Connected Vehicles and Cybersecurity—A New Frontier of Risk
Raphael Stern, Assistant Professor, Civil, Environmental, and Geo- Engineering
Area of Expertise: Traffic Engineering & Management
Connected and automated vehicles (CAVs) have the potential to change how we think about transportation and, more broadly, mobility. CAVs may bring tremendous benefits such as improved access to services, reduced travel burdens, and safer transportation systems. In fact, many of these benefits are already possible with partial vehicle automation—and these benefits could grow as advanced automation continues. However, CAVs also provide new opportunities for malicious actors to compromise vehicle security in the form of cyberattacks. If not addressed as we roll out new CAV vehicles and technologies, these threats could upend many of the benefits possible with CAV adoption.
While certain cyberattacks may be simpler to detect, others will likely be difficult and lead to smaller impacts aggregating into bigger issues such as increased congestion or emissions. The stealthy nature of such attacks may make it extremely difficult to pinpoint the source vehicle that has been compromised.
While obvious hacks that cause crashes may be easy to identify and isolate, other ways vehicles might be compromised could be more difficult to spot, especially if the attack results in subtle changes to vehicle driving behavior. Such attacks could be introduced to automated or partially automated vehicles via malicious software updates and go undetected for long periods of time. Even subtle changes to driving behavior could cause widespread disruptions to the transportation network by seeding traffic jams or causing delay and excess fuel consumption and emissions. For example, if such an attack were released on all vehicles of a specific make and model, even just slightly more aggressive driving could cause a network-wide increase in delays, fuel consumption, and emissions without a clear way to pinpoint the source of the issue.
There are many types of potential cyberattacks that could compromise CAVs. These can be categorized as infrastructure-based attacks, communication-based attacks, or sensor-based attacks. Infrastructure-based attacks may compromise the integrity of roadside units tasked with providing information to vehicles for navigation. Such attacks could also be used to send false information to infrastructure managers who use the data gathered at roadside units to make infrastructure control decisions. Communication-based attacks could compromise the connections either between individual CAVs or between CAVs and ground stations. For example, by altering communications between two CAVs, a false data injection attack could cause potentially dangerous driving conditions by misrepresenting the location of a CAV. Finally, sensor-based attacks on a CAV could compromise the safety of the individual vehicle by altering measurements from onboard sensors such as inter-vehicle distance, leading to collisions or compromising the driving comfort or efficiency.
While certain cyberattacks may be simpler to detect, others will likely be difficult and lead to smaller impacts aggregating into bigger issues such as increased congestion or emissions. The stealthy nature of such attacks may make it extremely difficult to pinpoint the source vehicle that has been compromised. Such widespread attacks on CAVs may only be detected through large-scale traffic flow monitoring, which could reveal if suspicious traffic flow patterns emerge when compared to normal operations.
One major challenge that will emerge in the coming decades is the design of robust vehicle control algorithms able to provide for safe driving even during a cyberattack. This may mean building the ability for vehicles to respond to faulty sensor data onboard the vehicle or designing a way for vehicles to validate data communicated either from infrastructure-based sensors or via vehicle-to-vehicle communications. Possible strategies to introduce this robustness include sensor redundancy and better data anomaly detection techniques to identify potentially corrupted data before a CAV acts on the information.
Although many different types of cyberattacks exist, two are generally considered to be most relevant to transportation systems and vehicle automation. In deception attacks, an attacker injects false data into a system. In a man-in-the-middle attack, malicious code is injected into a communication channel and acts as an unknown intermediary, potentially changing the messages sent within the communication network.
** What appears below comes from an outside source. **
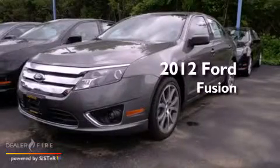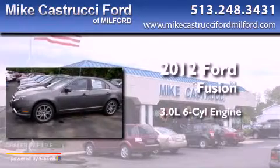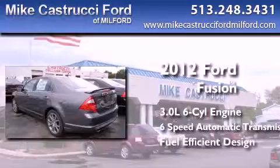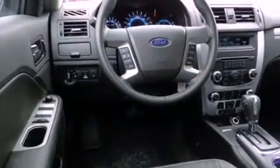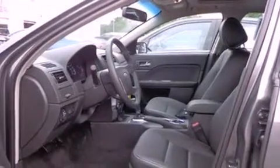This is a brand new 2012 Ford Fusion. It features a 3.0-liter six-cylinder engine and a six-speed automatic transmission. With an EPA estimated rating of 28 miles per gallon on the highway, you won't be making frequent trips to the gas pumps.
As an example of a stealthy deception attack, hackers showed that a specific consumer SUV could be remotely taken over through a glitch in the infotainment system. The attackers remotely accessed the vehicle controls through a wireless radio and disabled the vehicle's engine. Such an attack demonstrates how substantial and dangerous these vulnerabilities can be.
Identifying such vulnerabilities is often referred to as “red teaming,” during which security researchers mimic hackers to try to identify potential security bugs that could be exploited before attackers are able to. However, in addition to expanded red teaming efforts on transportation systems, emphasis must also be placed on resilient and robust design capable of operating in the presence of cyberattacks. Securing our transportation infrastructure from cyberattacks will rely both on detecting intrusions when they occur and designing robust operating procedures in the event that an attack is not detected.